What this task involves>
From the data, copy out every line in which the word "Mermaid" appears.

Data for review>
:::::

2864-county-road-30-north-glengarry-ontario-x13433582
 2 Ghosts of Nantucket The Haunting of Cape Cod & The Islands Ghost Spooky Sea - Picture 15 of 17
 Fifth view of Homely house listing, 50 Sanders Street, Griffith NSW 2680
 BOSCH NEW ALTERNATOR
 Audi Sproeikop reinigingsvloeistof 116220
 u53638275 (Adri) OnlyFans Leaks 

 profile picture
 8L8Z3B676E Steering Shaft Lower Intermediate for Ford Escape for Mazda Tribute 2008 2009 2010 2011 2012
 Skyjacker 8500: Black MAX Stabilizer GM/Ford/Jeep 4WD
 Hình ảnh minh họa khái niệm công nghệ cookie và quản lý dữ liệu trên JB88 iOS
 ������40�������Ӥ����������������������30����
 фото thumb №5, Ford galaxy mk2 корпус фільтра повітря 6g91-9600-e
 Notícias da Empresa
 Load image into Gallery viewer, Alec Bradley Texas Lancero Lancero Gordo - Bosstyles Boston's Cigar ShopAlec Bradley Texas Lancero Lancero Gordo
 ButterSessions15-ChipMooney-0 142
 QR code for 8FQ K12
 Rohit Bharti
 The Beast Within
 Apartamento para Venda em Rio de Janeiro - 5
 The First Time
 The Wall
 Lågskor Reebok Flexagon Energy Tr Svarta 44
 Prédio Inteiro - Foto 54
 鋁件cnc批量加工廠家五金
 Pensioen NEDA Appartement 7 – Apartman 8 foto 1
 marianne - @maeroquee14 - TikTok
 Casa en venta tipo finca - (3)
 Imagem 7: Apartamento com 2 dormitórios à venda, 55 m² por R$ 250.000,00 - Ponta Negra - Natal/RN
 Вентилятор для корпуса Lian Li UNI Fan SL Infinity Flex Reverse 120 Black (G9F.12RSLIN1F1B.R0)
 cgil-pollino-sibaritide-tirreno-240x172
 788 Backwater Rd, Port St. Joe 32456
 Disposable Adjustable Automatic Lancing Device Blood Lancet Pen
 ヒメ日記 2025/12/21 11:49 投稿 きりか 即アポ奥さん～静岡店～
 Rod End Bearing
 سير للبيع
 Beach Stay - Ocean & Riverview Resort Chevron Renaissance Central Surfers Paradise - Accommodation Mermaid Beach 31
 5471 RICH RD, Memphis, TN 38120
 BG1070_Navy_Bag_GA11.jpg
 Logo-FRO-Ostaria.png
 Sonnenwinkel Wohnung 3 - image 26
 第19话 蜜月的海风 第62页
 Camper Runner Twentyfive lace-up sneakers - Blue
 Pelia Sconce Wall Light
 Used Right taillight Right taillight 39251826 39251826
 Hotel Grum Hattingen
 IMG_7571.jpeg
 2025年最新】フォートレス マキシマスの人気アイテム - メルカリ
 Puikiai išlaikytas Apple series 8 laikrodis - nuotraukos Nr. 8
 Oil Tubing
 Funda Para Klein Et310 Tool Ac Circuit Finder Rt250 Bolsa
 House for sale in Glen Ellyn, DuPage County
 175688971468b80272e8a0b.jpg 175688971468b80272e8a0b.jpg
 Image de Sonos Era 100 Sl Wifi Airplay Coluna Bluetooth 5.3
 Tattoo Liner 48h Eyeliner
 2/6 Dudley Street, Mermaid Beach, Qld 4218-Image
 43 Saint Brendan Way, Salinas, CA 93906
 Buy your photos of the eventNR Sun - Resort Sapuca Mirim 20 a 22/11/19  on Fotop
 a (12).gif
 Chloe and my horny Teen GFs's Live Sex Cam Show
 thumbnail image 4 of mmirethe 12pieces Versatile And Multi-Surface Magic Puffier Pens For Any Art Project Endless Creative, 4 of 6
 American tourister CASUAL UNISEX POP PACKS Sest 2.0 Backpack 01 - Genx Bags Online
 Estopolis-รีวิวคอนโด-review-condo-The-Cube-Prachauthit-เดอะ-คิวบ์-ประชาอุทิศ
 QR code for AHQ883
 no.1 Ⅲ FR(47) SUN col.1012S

:::::

Problem solution>
 Beach Stay - Ocean & Riverview Resort Chevron Renaissance Central Surfers Paradise - Accommodation Mermaid Beach 31
 2/6 Dudley Street, Mermaid Beach, Qld 4218-Image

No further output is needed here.